I tear myself out of its shredding grasp, and crash back into my own senses.
I find my eyes wide open, and staring down into—my eye.
It’s jutting out in the middle of the Khamsa hand, covering the Grace rune dial, but not the newly-formed gems. A crimson one has appeared on the last of the three middle fingers, no doubt Jinny’s.
But instead of getting my own gem, too, I get this disembodied eye. Of course. I’m the anomaly, after all.
It’s the most unsettling thing, looking at a part of me, that’s looking back under its own volition. And I’m certain it’s my eye. My iris, actually, as I now know it to be.
All my life, I had no idea it looked like that. I’ve always avoided looking at my reflection. When I did, it was in terrible lighting and age-stained mirrors, where I only saw a distorted approximation of what I looked like. I always thought I had black eyes.
I got my first clear view of myself in that bathroom, on my first day in the Academy, and realized they were the darkest blue instead. That day I thought they looked like the night sky. They even had flecks like the stars, along with flickers of something that seemed about to ignite.
At the time, I decided I was seeing things that weren’t there. That seemed plausible, after the tumultuous night and day I’d had at Godric’s hands. But I wasn’t being far-fetched then. I actually see all that and more in the reflection of my eye as it bores back into me. Way, way more.
Then I realize why. Because the eye isn’t mine. Or isn’t only mine.
It’s also the void’s.
Shock almost uproots my heart as it stares back at me in its endless lifelessness and voraciousness, studded with pinpoints of light, those of all the life it had consumed throughout the eons. Stars. Galaxies. Universes.
I begin to shake, and a burst of azure flares below it, staining its fathomlessness with its vividness, and exposing the ancient veins of its gluttony, a catacomb of eternity.
My heart stutters as glowing spots start oozing up around the Amulet’s periphery like multi-hued lava, sixteen in all, alternating crimson, gold, teal and white. Then fumes start rising from the cardinal directions, in the same four colors.
Suddenly, they brighten and braid together, forging into an undulating laser that blasts into my chest.
I cry out as the ribbons of power shoot to every cell in my body, and irradiate every recess of my being.

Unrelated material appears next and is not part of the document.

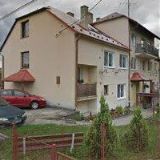 WELLPES PSÍ LÁZNĚ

The absolute pain of it, the sheer delight are transfiguring. Or they tear apart my wrapping, and reveal what has always been hidden inside. Deep, deep, deep inside.
For a moment of forever I’m dismantled, scattered, everywhere and nowhere. Becoming everything and nothing.
Nothing.
Then it all shatters and the return to the confines of my body and senses, is like before, a brutal blow. This time, I find myself staring into eyes as dark as the abyss.
But they’re no longer mine or the void’s. They’re Astaroth’s. And they look as shocked as I feel.
Blinking, I look around and find his same expression covering every face in the Hall.
All but Godric’s.
I suddenly yelp as something icy burns me. The Amulet!
It feels as if it’s trying to corrode itself into my chest wall.
Astaroth rushes to take it off, and I gape at it.
It looks as if it has charred—and frozen.
Silence reigns for endless moments, as if no one is breathing. As if all hearts have stopped.
Still staring at me like he would at the end of everything, Astaroth finally rasps, “You’re a Null.”